Glandjila from Frost Gelato in Albuquerque

The Land of Enchantment’s culinary community was feted during the New Mexico Restaurant Association’s 2016 Hospitality Industry Awards banquet. Restaurateur of the Year honors went to Laura Leal of Leal’s Mexican Food Restaurant in Clovis. Pizza 9 earned the Restaurant Neighbor Award for its community involvement. Chef of the Year went to Tatsu Mizayaki of The Restaurant at Sierra Grande in Truth or Consequences while Wayne Moore of St. Clair Winery & Bistro earned Manager of the Year honors. Several other restaurants were recognized for feeding New Mexico’s families for more than forty years.
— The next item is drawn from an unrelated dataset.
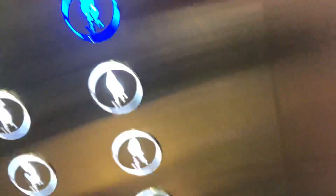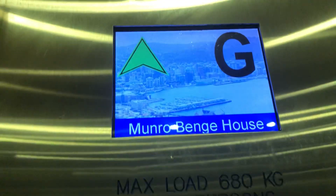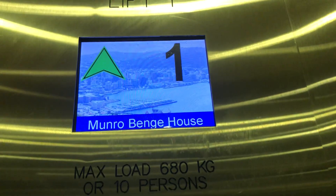Put my jacket on — eight, nine — your clothes. It's called Munro Benge House. 680 kg or ten persons.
Saveur Magazine writer Matt Taylor-Gross undertook a hunt for Hatch chiles, a trek that began at the Hatch Chile Festival which he compared to “walking around an O’Keeffe painting.” Though Georgia O’Keefe may not have spent much time in Hatch, she was known to cook with and enjoy chile. On his weekend assignment to the chile capital of the world, Taylor-Gross enjoyed chile in several New Mexican staples as well as in a milkshake from Sparky’s. He also discovered sopaipillas from Church Street Cafe in Albuquerque.

August, 2016

Pepper Lamb from Budai Gourmet (Photo Courtesy of Haley Hamilton)

In August, 2016, Spoon University, the self-proclaimed “everyday food resource for our generation, on a mission to make food make sense” set off on a course to identify the 50 best ice cream desserts in every state,” one from each state in the fruited plain. The Land of Enchantment’s representative was the ice cream taco from Pop Fizz. Spoon University waxed poetic about this ice cream: “We all scream for this ice cream. You can find this bad boy in Albuquerque, NM, and you can choose from several flavors such as cinnamon churro, cookies and cream, and strawberry.”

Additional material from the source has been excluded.